AI toolbox and pretrain models.

GNU General Public License v3.0

37 stars 6 forks source link

"cihp_pgn_api.py" Requires Nearly 80 Seconds for Processing！ #5

Closed winter-fish closed 1 year ago

winter-fish commented 1 year ago

Hello, I am using your ONNX version cihp_pgn_api.py modified from the cihp_pgn model to generate human parses. Currently, the inference speed is quite slow, taking nearly 80 seconds to process a single image and obtain the result. Is there a way to reduce the processing time? For example, can I improve processing speed by simultaneously using multiple

GPU : RTX 4090
Python : 3.8.5
CUDA：11.3
Input Image: I resize it to (384, 512) before processing it with cihp.forward.

Your assistance will be greatly appreciated as it is crucial for my work!

ykk648 commented 1 year ago

Check your GPU mem changing during inference in case of onnx runing in CPU mode.

My test: (RTX3080 CUDA 11.6

[finished, spent time: 20.81s] # init
[finished, spent time: 25.37s] # forward
[finished, spent time: 0.01s]

cihp_pgn is a big network(600M) for onnx to load, the init time is reasonable.

If you want decrease infer time, first converted cihp_pgn to a static onnx model instead of dynamic model, but shape-infer may not works, that means you can't get static onnx model or using tensorrt to speedup.

I'm not sure about this part "you can't get static onnx", you can do your onnx convert reasearch or change cihp_pgn itself even retrain or distill a smaller one.

winter-fish commented 1 year ago

Appreciate your comprehensive response.

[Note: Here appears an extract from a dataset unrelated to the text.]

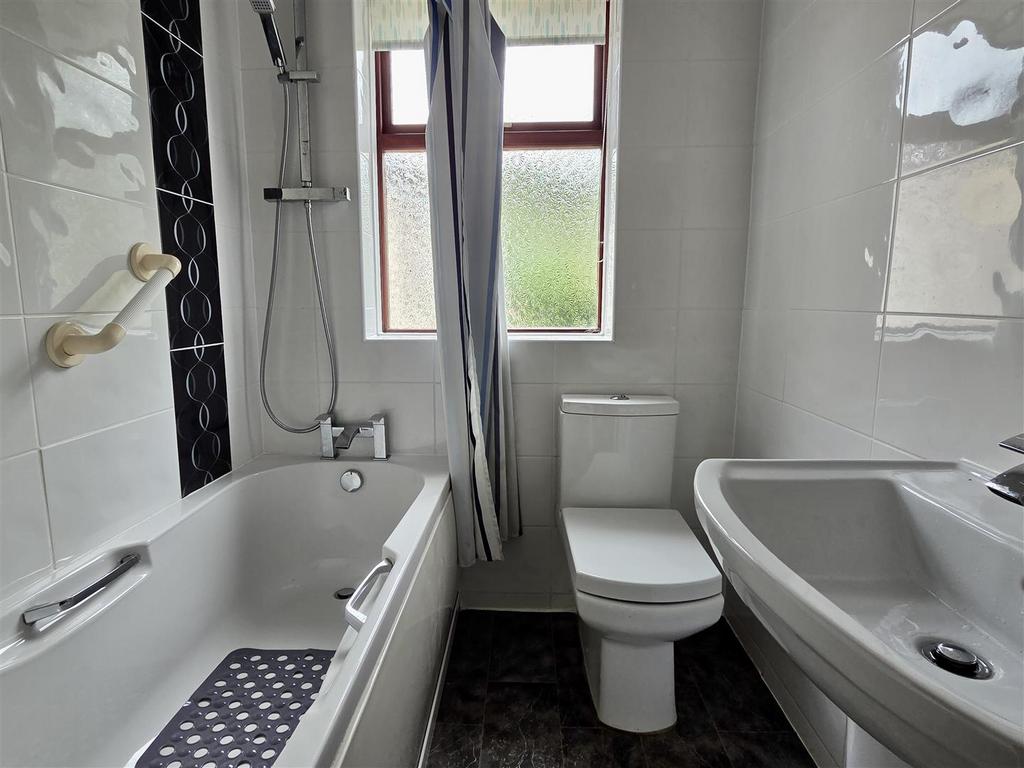 Bathroom/wc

In my subsequent testing, I have resized the images to 192 * 256, and the total time expended closely resembles what you demonstrated, approximately 45 seconds.

However, my task necessitates the integration of this module into my pipeline. Whenever I input data into the pipeline and pass it through this module, init and forward are requisite steps. My current challenge pertains to the reduction of the cumulative time spent on these operations. For example, can I preload the model before pipeline to increase speed? Could you kindly provide some recommendations in this regard?

Given my limited prior experience with ONNX models, I am uncertain about the potential reduction in processing time by transitioning from a dynamic model to a static model, as you mentioned. Do you have any insights or suggestions on this matter?

ykk648 commented 1 year ago

Preload is nessesary for an AI inference pipeline, use a daemon thread to handle model loading prolicy.
Static onnx model is difinitely smaller and faster than dynamic one, tha difficult point is that how to convert and process some ops unsupported by onnx official team.